Biography of Jean Catoire by Catherine Catoire

Catherine Catoire | Malcom Bruno


Jean Catoire (Paris, 1923-2005) composer

Jean Catoire was born in Paris on the 1st April 1923, but he was immersed throughout his childhood in the culture of Russian immigration. His family, who lived in Moscow until the 1917 Revolution, loved and played music. His parents, his uncles and aunts played the piano and the violin, and his great- uncle Georges Catoire (1861-1926) taught composition at the Tchaikowsky Conservatoire in Moscow and was a composer known in Russia.

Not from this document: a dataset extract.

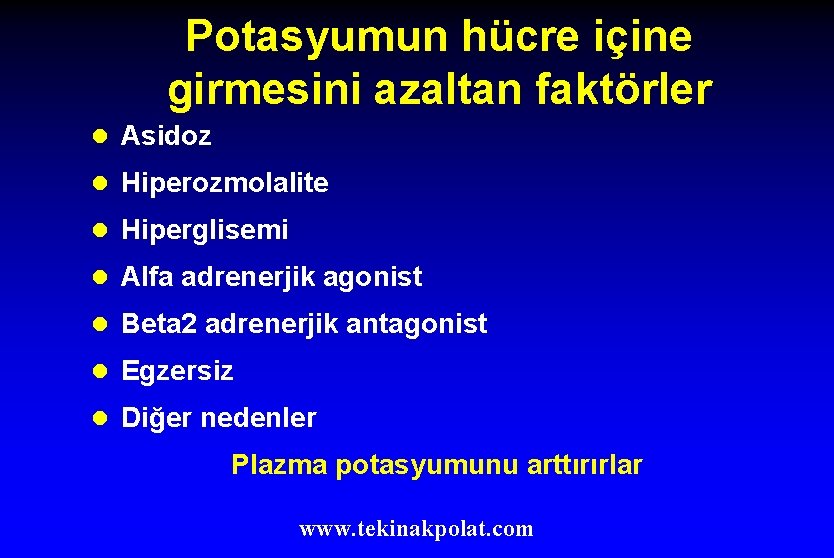 Potasyumun hücre içine girmesini azaltan faktörler l Asidoz l Hiperozmolalite l Hiperglisemi l Alfa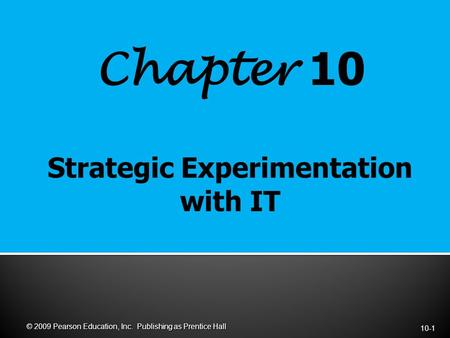 Chapter 10 10-1 © 2009 Pearson Education, Inc. Publishing as Prentice Hall.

While very young Jean Catoire received a musical training at the Serge Rachmaninoff Conservatoire in Paris from the wife of the violinist Julius Conus, but he showed little interest in these courses which did not correspond with what he felt when he listened to music.

Jean Catoire

   Indeed an early experience deeply marked him when, at the age of seven, he heard his parents play the arrangement for piano duo of the first movement of Schumann’s First Symphony. This was a major defining moment, indeed the greatest of his life; he said, “I saw how the cosmic world developed and grew, how the elements of the language of sound materialised into the first connections that were non-material and non-sonorous, how the elements and the pre-sound masses were perceptible in the organisation of their respective connections in a unique progression, invisible, but omnipresent...”

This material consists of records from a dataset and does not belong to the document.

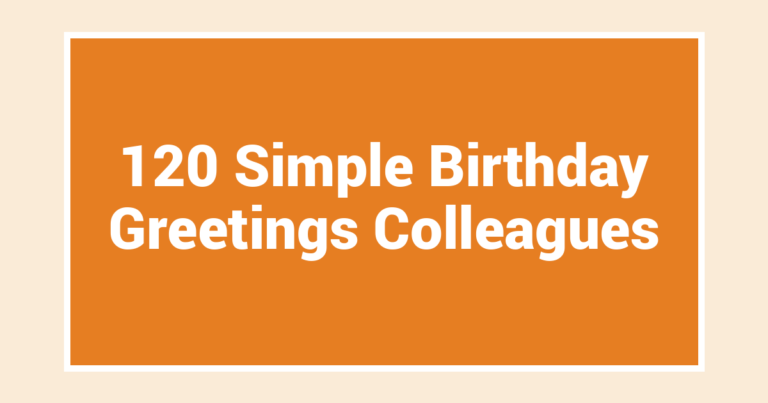 120 Simple Birthday Greetings Colleagues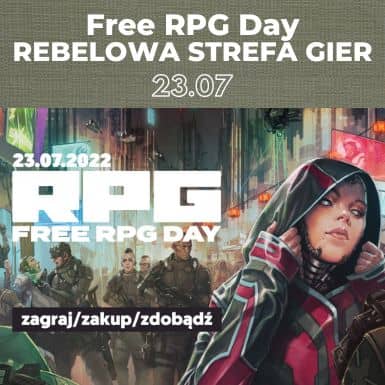 Free RPG Day w Rebelowej Strefie Gier w Galerii Metropolia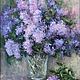 Order oil painting lilac. Ирина Димчева. Livemaster. . Pictures Фото №3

   Several years later, it was with his aunt Valentine Catoire, née Kastorsky, daughter of a musicologist and conductor and niece of the well-known opera singer from St Petersburg, the bass Vladimir Kastorsky, that he took up the piano again with greater interest. Valentine had studied singing, piano and dramatic arts at the Tchaikowsky Conservatoire in Moscow and was highly musical. They played duets. He also liked to accompany his cousin on the piano who was a good violinist.

   However, it was in the month of June 1943 that an unexpected event led him on the path of composition: while he was standing in front of the church at Auteuil he saw high up, the presence of ante-sound, a presence which he described in this way: “it took up a large part of the field of vision, without in any way diminishing the material perception, in this case the top of the porch and the front of the church. This presence was unmoving and soundless and the non-sound was its entire manifestation. In its original immutability was to be found the motive of its later manifestations, these still not being absolute sounds”. This was the first time he had seen the archetypical ante-sound linked to tangible reality (“a personal physical place”).